— Study material —
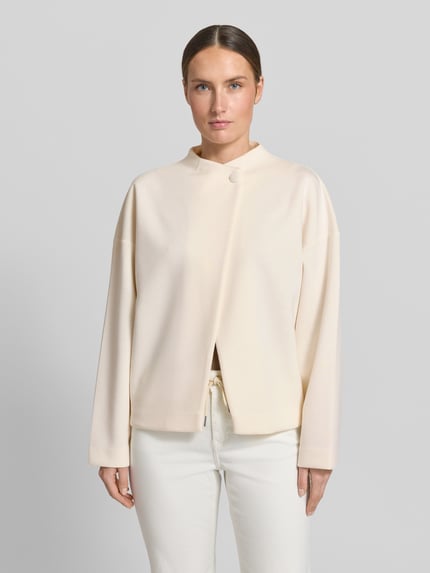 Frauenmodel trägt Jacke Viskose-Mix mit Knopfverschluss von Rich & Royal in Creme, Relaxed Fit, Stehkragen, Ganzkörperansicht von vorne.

==

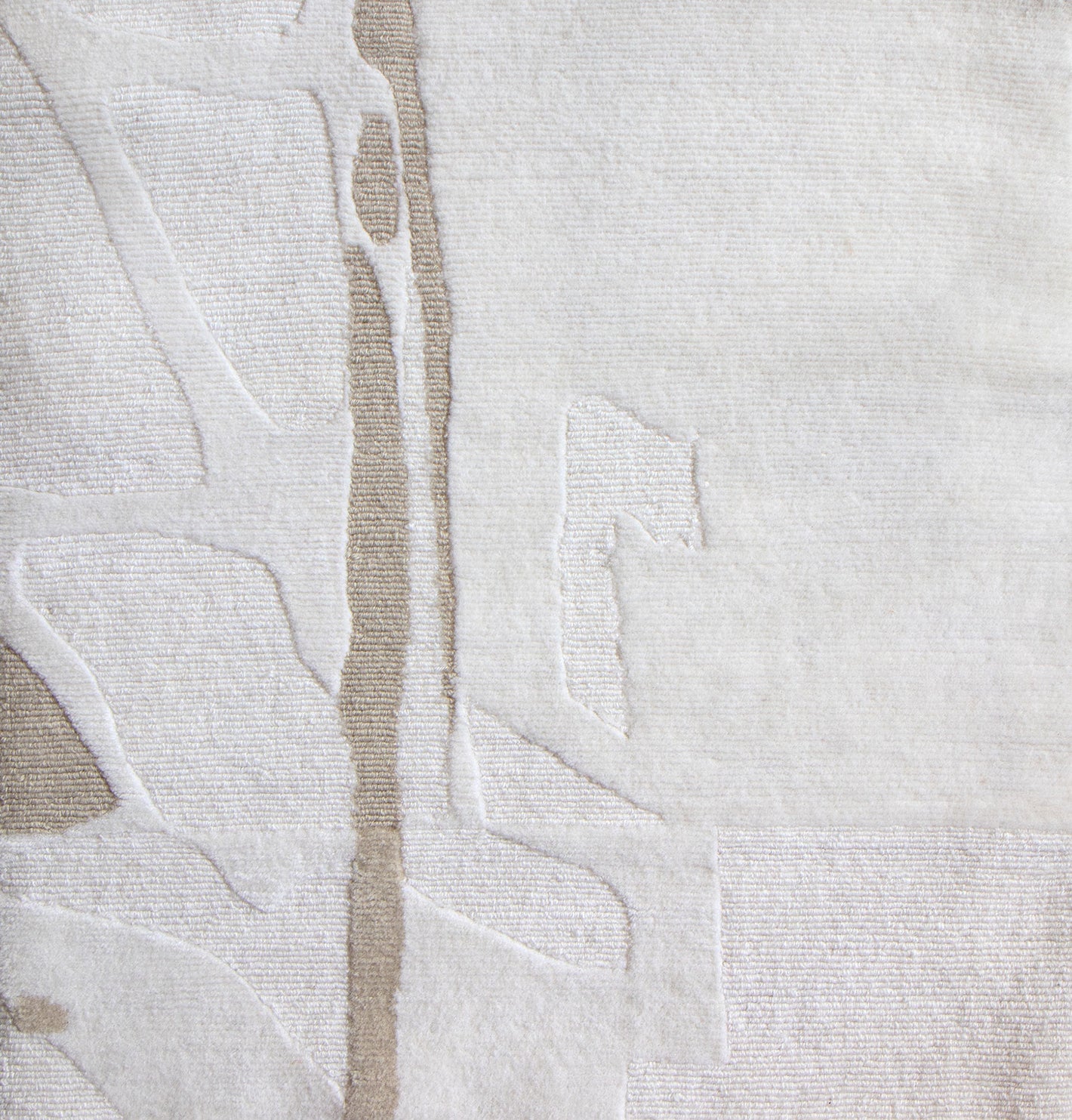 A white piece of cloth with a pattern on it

==

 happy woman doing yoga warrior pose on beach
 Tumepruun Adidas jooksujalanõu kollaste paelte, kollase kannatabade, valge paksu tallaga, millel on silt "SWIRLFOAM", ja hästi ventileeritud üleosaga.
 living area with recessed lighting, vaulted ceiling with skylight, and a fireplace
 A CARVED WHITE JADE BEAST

— Work item —
Since only part of the listing is wanted, copy exactly the lines from the one holding "happy woman doing yoga warrior pose on beach" to the one holding "A CARVED WHITE JADE BEAST", both included.

— Problem solution —
 happy woman doing yoga warrior pose on beach
 Tumepruun Adidas jooksujalanõu kollaste paelte, kollase kannatabade, valge paksu tallaga, millel on silt "SWIRLFOAM", ja hästi ventileeritud üleosaga.
 living area with recessed lighting, vaulted ceiling with skylight, and a fireplace
 A CARVED WHITE JADE BEAST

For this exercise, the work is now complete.